Pictures are an interesting problem, first that they exist. The second that the picture was taken for a purpose. You don’t, well you can, but most people don’t. The concept of a police body cam or an action cam is normally reserved for people doing interesting things. People don’t normally walk around creating a documentary of their day. “Hi, thanks for being on my Tuesday, November 6th life day video. What would you like to say?” We have a purpose with the taking of pictures. Within the 365-day photo, challenge is the reality of documenting days. I am pretty good at documenting events in our lives in pictures. I am working on improving the capture of the stories that go with the pictures.
Like anything when you share a picture with a story, you are of course sharing your view. Your memory as my mother always reminds me. It isn’t that anyone memory is better, they are different. Each of us sees the events of our lives from our point of view. Once upon a time in a class, the instructor used always to tell us “people are motivated by their needs, not yours.” The same is true the minute you pick up your camera to take a picture. You are focusing on the things you need and want. But, pictures sometimes can be a disruptor. Why? Sometimes they capture more than we intended. More, imagery than we were expecting. The edges and shadows of what we see, against what was there.

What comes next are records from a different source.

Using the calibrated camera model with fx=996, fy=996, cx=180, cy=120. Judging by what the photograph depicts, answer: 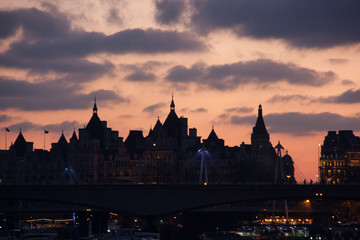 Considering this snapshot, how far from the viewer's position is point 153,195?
135 meters

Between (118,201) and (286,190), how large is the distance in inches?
890

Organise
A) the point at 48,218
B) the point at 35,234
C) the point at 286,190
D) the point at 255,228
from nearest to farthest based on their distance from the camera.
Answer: the point at 35,234, the point at 286,190, the point at 255,228, the point at 48,218

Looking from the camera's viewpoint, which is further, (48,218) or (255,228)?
(48,218)

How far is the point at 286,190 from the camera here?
132 m

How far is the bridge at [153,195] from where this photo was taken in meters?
132

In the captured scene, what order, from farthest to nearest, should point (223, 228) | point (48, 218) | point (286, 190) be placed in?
1. point (48, 218)
2. point (223, 228)
3. point (286, 190)

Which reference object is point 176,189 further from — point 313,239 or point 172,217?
point 172,217

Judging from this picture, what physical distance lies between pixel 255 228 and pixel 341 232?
752 inches

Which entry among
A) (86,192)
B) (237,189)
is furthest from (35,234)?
(237,189)

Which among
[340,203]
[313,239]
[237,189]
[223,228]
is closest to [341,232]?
[313,239]

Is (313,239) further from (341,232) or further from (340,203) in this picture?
(340,203)

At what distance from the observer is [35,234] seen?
121125 millimetres

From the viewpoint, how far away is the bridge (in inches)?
5202

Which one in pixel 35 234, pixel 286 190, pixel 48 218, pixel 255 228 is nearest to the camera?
pixel 35 234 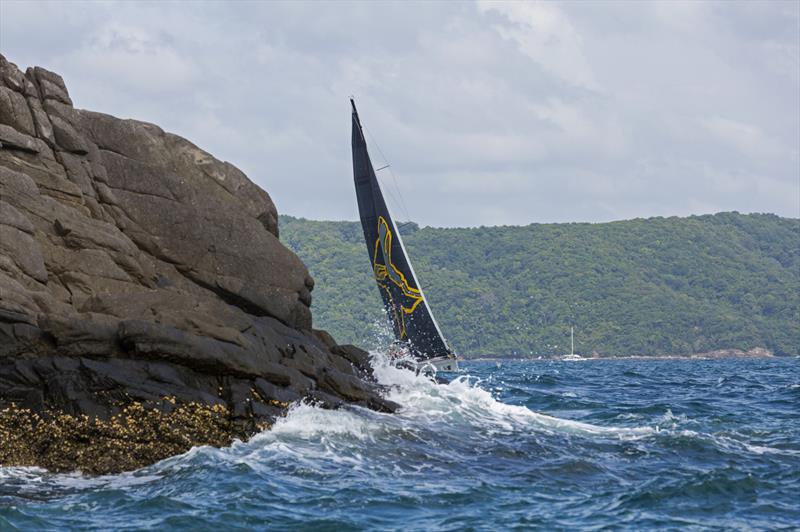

I know I struggle with what I see. Sometimes you can hide behind the camera. The camera protecting you from interacting with the event, the people and the world. Sometimes the camera captures things you didn’t see but were there. That juxtaposition becomes the way of sharing. What you share is your opinion, your side of what happens or happened. That reality is sometimes hard to accept, as others remember things differently. They are not wrong, they just saw things from a different position than you did. They saw what they saw, because like all other things it is important to remember they were motivated by their needs in the capturing of an image. Letting go can be hard for anyone, but remember share your side. The more sides that are shared the more likely the world is to remember.